### Exercise objective
All the data should be repeated exactly. Any image in it is left out.

### Input data
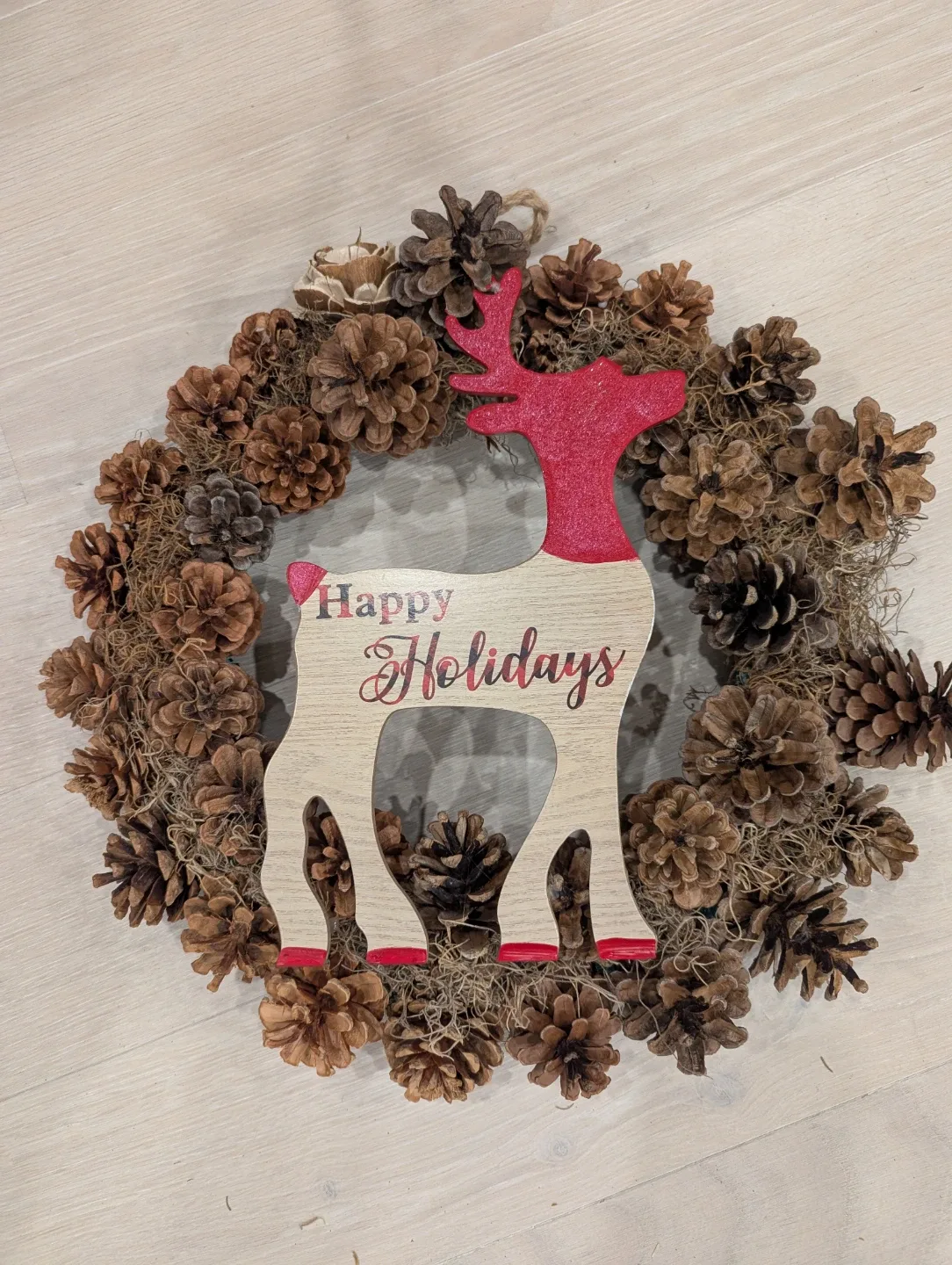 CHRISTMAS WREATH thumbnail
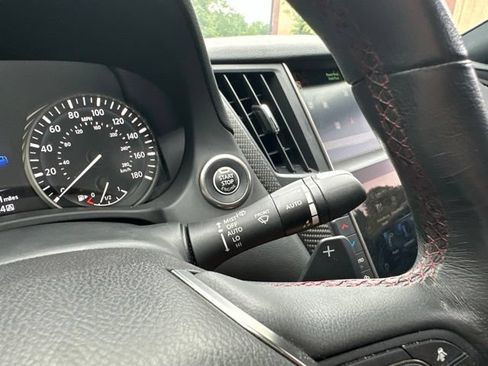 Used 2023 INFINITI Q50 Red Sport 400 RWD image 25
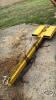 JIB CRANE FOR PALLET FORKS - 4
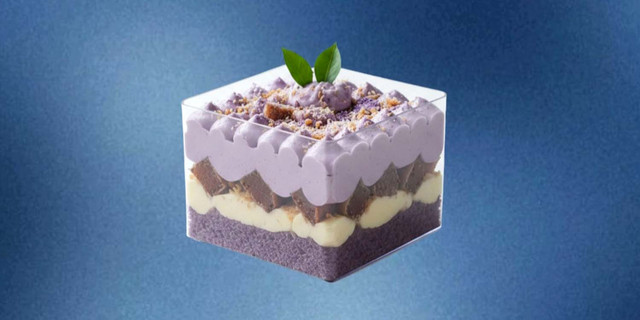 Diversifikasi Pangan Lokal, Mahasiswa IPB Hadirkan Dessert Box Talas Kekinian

### Exercise solution
 CHRISTMAS WREATH thumbnail
 Used 2023 INFINITI Q50 Red Sport 400 RWD image 25
 JIB CRANE FOR PALLET FORKS - 4
 Diversifikasi Pangan Lokal, Mahasiswa IPB Hadirkan Dessert Box Talas Kekinian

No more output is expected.